What the task requires |
Word for word, write the lines below out again, with no pictures.

Raw data |

━━━━━━━━━━━━━━━━

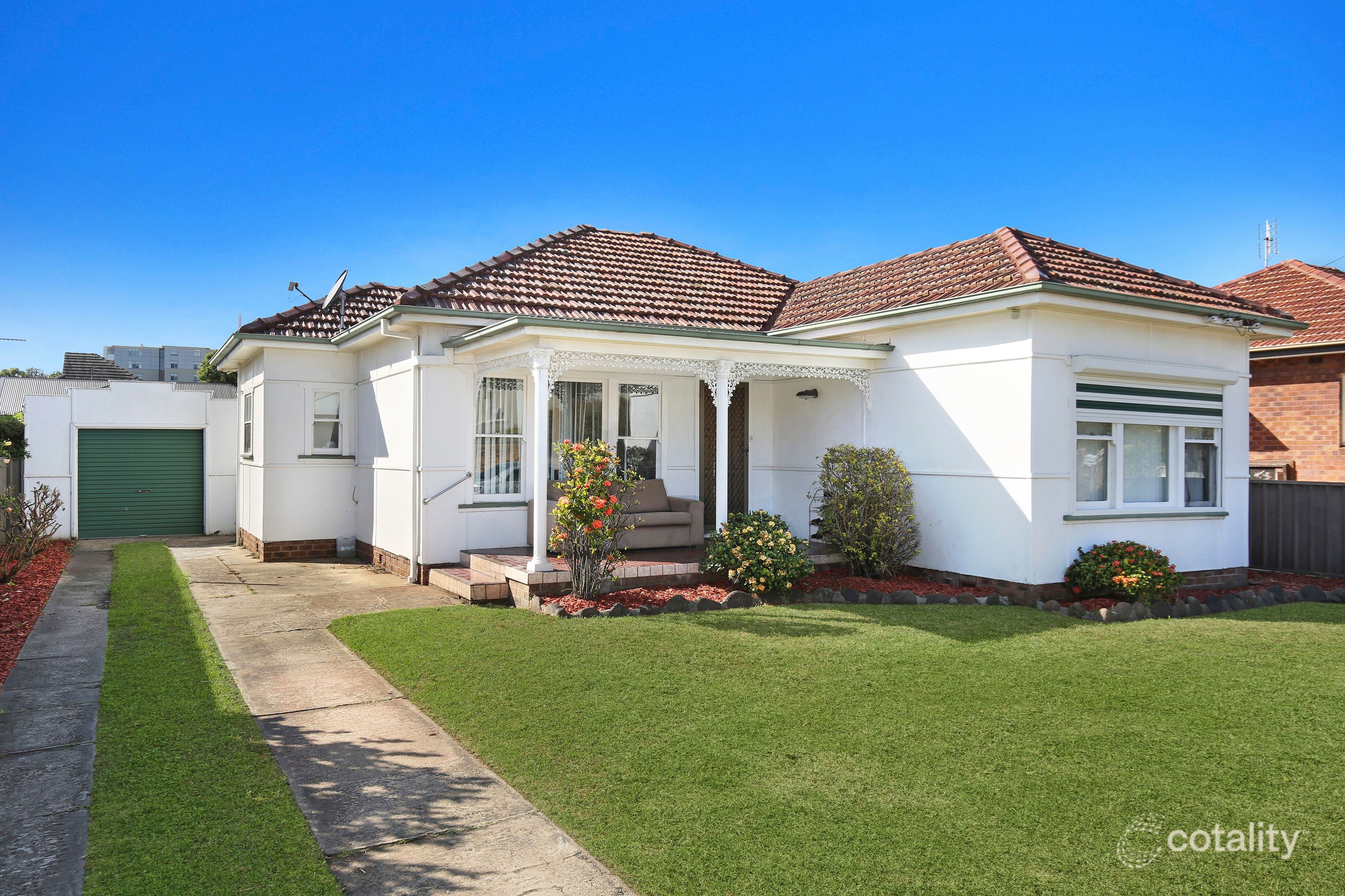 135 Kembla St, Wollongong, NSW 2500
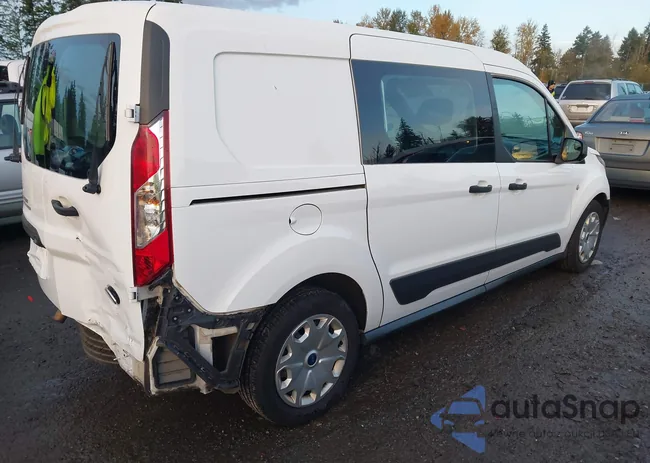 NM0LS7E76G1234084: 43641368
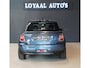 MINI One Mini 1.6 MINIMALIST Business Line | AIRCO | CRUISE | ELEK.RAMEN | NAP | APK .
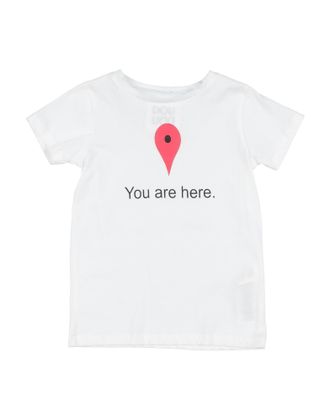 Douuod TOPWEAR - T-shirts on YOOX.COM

━━━━━━━━━━━━━━━━

Solution to this task |
 135 Kembla St, Wollongong, NSW 2500
 NM0LS7E76G1234084: 43641368
 MINI One Mini 1.6 MINIMALIST Business Line | AIRCO | CRUISE | ELEK.RAMEN | NAP | APK .
 Douuod TOPWEAR - T-shirts on YOOX.COM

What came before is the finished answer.